Super Scaling Q&A

What is Super Scaling?

The ultimate source of accurate information regarding Super Scaling is found in our book, The Ultimate Tone Vol. 4 (TUT4) (and the two Super Scaler projects in TUT5).

Super Scaling is a technique that allows the power output of a small amplifier to be boosted to a higher level to drive a speaker without changing the sound.

Doesn’t a regular power amplifier do this?

• No. Conventional power amplifiers monitor the input voltage only and scale this voltage to drive a load to a higher power level. The final load is fully isolated from the signal source.

What about a Guytron amp? It has a small amp driving a large amp.

• The large amp in the Guytron is like any other conventional power amplifier: it monitors the voltage across the load for the small amp, then boosts the voltage only. This produces an increased output, but the characteristics of the large amp dominate the final tone and interaction with the speaker. Besides, the player has no access to the output of the small amp, and thus has no way to know that the boosted sound is true to the small amp’s tone.

So, how does a Super Scaling amp monitor input power?

Super Scalers are essentially just the final power stage of a type of power amplifier in which a driver stage would provide some amount of drive power to achieve output power. The difference is that the driver stage is missing, so this drive power must be obtained from an external source. Common tube output stages require no power to drive them, and so cannot be used as Super Scalers.

How does this retain the sound of the driving amp?

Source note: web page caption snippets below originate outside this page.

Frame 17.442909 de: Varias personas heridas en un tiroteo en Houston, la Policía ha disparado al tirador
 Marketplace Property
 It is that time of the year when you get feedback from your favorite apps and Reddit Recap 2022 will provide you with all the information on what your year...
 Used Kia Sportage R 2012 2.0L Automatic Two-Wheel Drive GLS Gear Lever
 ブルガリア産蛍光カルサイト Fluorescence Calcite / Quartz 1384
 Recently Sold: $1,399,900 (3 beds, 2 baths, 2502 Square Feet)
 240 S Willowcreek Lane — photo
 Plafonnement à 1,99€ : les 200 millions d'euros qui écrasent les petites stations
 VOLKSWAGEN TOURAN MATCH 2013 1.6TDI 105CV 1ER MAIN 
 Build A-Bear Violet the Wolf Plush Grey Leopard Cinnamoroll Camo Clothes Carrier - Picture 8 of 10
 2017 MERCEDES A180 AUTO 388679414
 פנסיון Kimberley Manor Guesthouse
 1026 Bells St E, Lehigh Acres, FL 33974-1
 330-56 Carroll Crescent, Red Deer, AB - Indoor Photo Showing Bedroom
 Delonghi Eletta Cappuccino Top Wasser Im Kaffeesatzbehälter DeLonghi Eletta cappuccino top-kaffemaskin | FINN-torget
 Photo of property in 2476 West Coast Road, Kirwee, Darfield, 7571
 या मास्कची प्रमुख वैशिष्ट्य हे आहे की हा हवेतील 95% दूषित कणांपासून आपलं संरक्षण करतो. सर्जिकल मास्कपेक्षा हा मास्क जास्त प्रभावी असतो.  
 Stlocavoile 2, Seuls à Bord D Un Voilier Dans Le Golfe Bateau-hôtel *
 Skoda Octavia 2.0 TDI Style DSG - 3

• In a Super Scaling amp, no output power can be produced unless input power is provided. The two quantities are intimately related. As you drive the Super Scaler harder, the speaker is driven harder. The speaker’s back-EMF tries to buck the signal from the Super Scaler, which then bucks back at the source. The driving amplifier can then ‘feel’ the speaker and interacts with it.

The Super Scaler is still a big amp, so doesn’t it provide better damping to the speaker than the small driving amp would?

• The Super Scaler is transparent. Its inherent damping is low – in the same range as a typical tube amp or less. However, the driving amp is able to ‘see’ and ‘feel’ the speaker through the Super Scaler, so that the sound is the same as if the small amp itself was driving the speaker directly, but to the new, higher power level.

How much boost does a Super Scaler provide?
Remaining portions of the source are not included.